Two researchers in the US may have answers to the questions that millions of Indian credit card users ask themselves almost every day — why do they accumulate debts when they use plastic money? One’s irresistible urge to swipe the credit card, despite its leading to mounting debts, is partly due to the way the brain perceives these non-cash transactions.

Priya Raghubir of New York University and Joydeep Srivastava of the University of Maryland have found that people tend to spend less when paying in cash than when using credit cards or through any other financial mode. Cash discourages spending, while credit cards or gift coupons encourage it, they said in a paper that appeared last week in the Journal of Experimental Psychology: Applied.

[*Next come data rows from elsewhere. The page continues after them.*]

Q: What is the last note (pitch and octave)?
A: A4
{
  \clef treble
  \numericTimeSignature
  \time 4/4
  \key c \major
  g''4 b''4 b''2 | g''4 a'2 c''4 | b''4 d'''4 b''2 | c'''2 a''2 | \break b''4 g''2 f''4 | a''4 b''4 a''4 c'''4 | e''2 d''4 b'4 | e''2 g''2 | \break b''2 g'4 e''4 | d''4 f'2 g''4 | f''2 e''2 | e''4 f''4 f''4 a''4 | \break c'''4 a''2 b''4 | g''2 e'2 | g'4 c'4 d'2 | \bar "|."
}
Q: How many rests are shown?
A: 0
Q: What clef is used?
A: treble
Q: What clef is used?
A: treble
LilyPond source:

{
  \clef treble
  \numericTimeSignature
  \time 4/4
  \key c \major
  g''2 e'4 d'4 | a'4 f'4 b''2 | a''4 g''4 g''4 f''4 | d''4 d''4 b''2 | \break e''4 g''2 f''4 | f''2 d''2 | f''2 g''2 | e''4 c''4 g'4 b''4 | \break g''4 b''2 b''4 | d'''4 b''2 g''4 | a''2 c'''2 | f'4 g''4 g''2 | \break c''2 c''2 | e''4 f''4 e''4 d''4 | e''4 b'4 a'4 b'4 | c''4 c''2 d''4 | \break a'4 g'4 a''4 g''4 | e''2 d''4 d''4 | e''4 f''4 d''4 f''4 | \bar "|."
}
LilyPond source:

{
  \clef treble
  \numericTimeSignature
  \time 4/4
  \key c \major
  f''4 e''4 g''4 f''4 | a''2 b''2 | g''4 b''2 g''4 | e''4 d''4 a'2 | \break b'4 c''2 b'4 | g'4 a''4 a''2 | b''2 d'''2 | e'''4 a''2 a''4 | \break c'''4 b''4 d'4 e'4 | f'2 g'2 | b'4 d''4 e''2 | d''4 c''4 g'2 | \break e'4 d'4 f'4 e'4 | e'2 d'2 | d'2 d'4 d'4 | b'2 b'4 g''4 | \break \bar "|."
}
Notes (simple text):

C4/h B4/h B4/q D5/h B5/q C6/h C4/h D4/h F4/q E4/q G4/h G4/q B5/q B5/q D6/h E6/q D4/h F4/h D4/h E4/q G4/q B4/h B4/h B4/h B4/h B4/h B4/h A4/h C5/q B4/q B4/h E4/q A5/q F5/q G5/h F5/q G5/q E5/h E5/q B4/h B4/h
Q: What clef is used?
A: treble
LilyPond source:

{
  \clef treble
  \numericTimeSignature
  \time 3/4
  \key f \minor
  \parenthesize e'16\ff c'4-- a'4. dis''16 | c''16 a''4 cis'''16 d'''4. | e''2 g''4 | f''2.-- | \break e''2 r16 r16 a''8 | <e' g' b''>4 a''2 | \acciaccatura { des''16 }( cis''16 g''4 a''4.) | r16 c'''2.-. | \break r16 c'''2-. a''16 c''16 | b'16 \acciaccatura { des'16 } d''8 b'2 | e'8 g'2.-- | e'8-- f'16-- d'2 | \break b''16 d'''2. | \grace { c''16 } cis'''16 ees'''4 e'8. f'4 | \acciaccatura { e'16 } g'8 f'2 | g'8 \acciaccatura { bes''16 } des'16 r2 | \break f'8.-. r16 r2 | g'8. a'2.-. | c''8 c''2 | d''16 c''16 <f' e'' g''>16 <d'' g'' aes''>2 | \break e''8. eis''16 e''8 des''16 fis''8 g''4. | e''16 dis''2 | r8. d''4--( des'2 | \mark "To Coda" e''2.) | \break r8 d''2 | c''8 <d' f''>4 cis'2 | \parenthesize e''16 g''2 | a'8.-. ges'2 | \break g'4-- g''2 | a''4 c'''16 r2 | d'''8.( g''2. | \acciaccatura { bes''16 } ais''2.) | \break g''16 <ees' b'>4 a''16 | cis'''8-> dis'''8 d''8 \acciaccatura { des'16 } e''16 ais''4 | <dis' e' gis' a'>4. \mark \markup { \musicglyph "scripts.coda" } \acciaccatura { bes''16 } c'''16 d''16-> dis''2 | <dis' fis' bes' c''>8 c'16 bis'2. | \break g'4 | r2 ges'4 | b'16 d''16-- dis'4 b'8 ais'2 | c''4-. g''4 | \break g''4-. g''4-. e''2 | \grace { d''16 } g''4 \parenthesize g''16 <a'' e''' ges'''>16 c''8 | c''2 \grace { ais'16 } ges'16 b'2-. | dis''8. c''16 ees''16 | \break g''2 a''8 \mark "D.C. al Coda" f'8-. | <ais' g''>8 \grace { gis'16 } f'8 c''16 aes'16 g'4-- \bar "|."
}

“The intention to purchase and willingness to pay is much higher with credit cards,” Srivastava, who is currently at the Indian School of Business in Hyderabad as a visiting faculty member, told KnowHow.

“Over the past decade Joydeep and I have been examining subjectivity in the value of money,” said Raghubir. Their basic premise was that money in another shape, form or name is not treated the same.

In the present work, the scientists explored two factors involved in purchasing behaviour: consumers’ willingness to part with money and the mode of payment. The more transparent the payment outflow, the greater the aversion to spending or the higher the ‘pain of paying,’ they say. Cash is seen as the most transparent form of payment.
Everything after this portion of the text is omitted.